Kids really do seem to enjoy having a say in what is on their plate and how it is presented. Inviting them to cut, cook, and really contribute during meal preparation offers kids a bit more control of a situation that typically does not include them.
If a parent, guardian, or teacher feels leery of handing out sharp metal devices, it’s okay to start out on more basic cutting terms. Plastic knives generally do not cut through or break the skin and are therefore a good choice for a preschooler’s first cooking lesson. Plastic eating utensils can be just as effective when it comes to slicing, dicing, or chopping up softer types of food.
What should kids be allowed to cut?
Young children must always remain under constant adult supervision while helping out in the kitchen. Just as arts and crafts require some sort of governance by a grown-up, so too does meal preparation.

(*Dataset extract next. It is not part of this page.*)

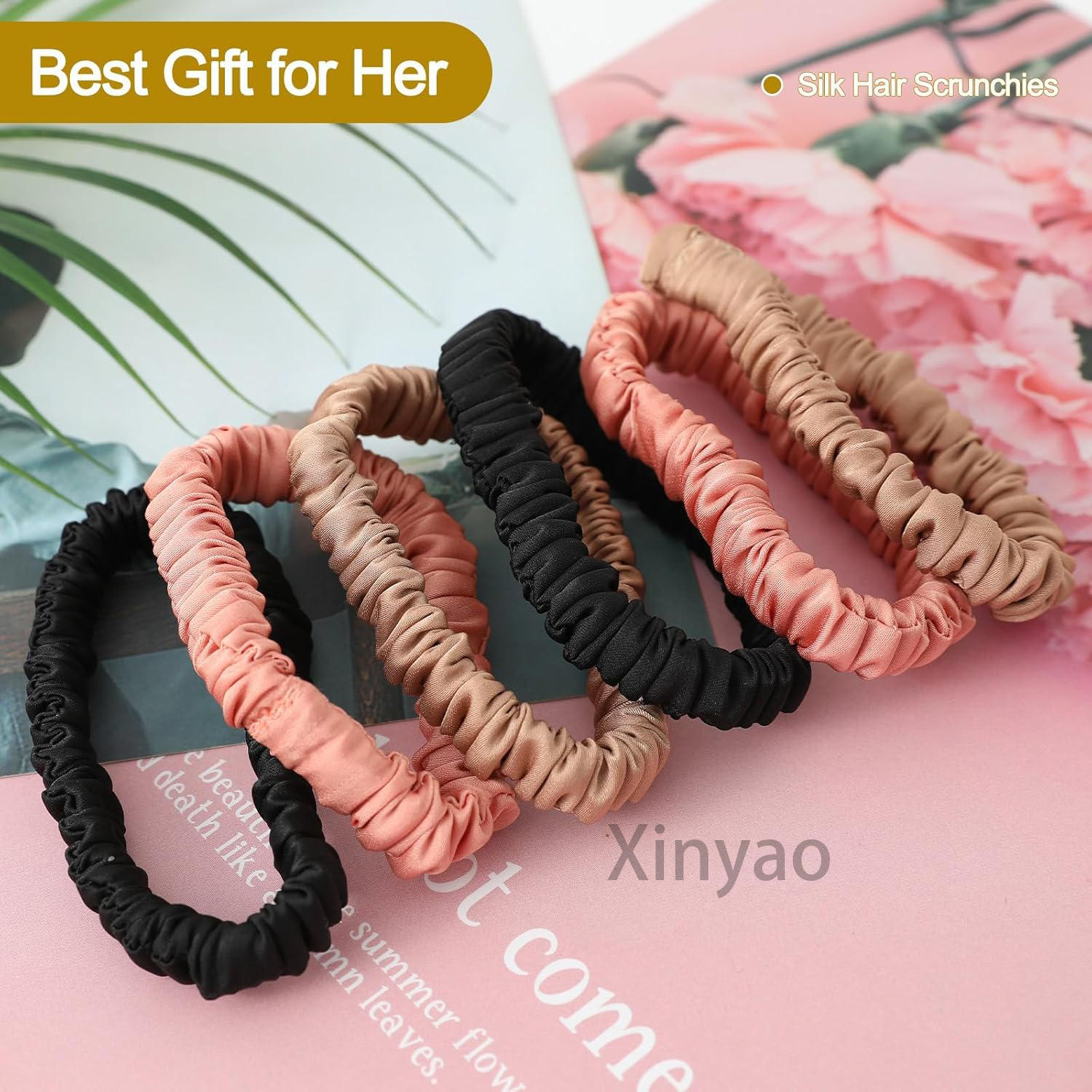 Custom Logo High Quality Silk Satin Thin Skinny Hair Ties Scrunchie for Women Multi-Purpose Hair Care Styling Hair Accessories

In the beginning, try cutting soft cheeses, loose spinach leaves, or mushy bananas. For the second and third cooking lessons, deli meats, berries, and small cherry tomatoes are excellent cutting choices.
Once a child achieves a certain comfort level, he will be able to truly assist in prepping ingredients for main dishes and sides, like homemade pizza, chef salads, vegetables, soups, and tacos.
Children will continually gain confidence and enjoy feeling involved as they experience cooking on a more independent level via cutting with a knife.
You can purchase this perfectly kid-friendly knife through our Amazon affiliate. A few of our kids have one and it’s cut dinner prep time in half.*
(*ok, maybe not half yet…)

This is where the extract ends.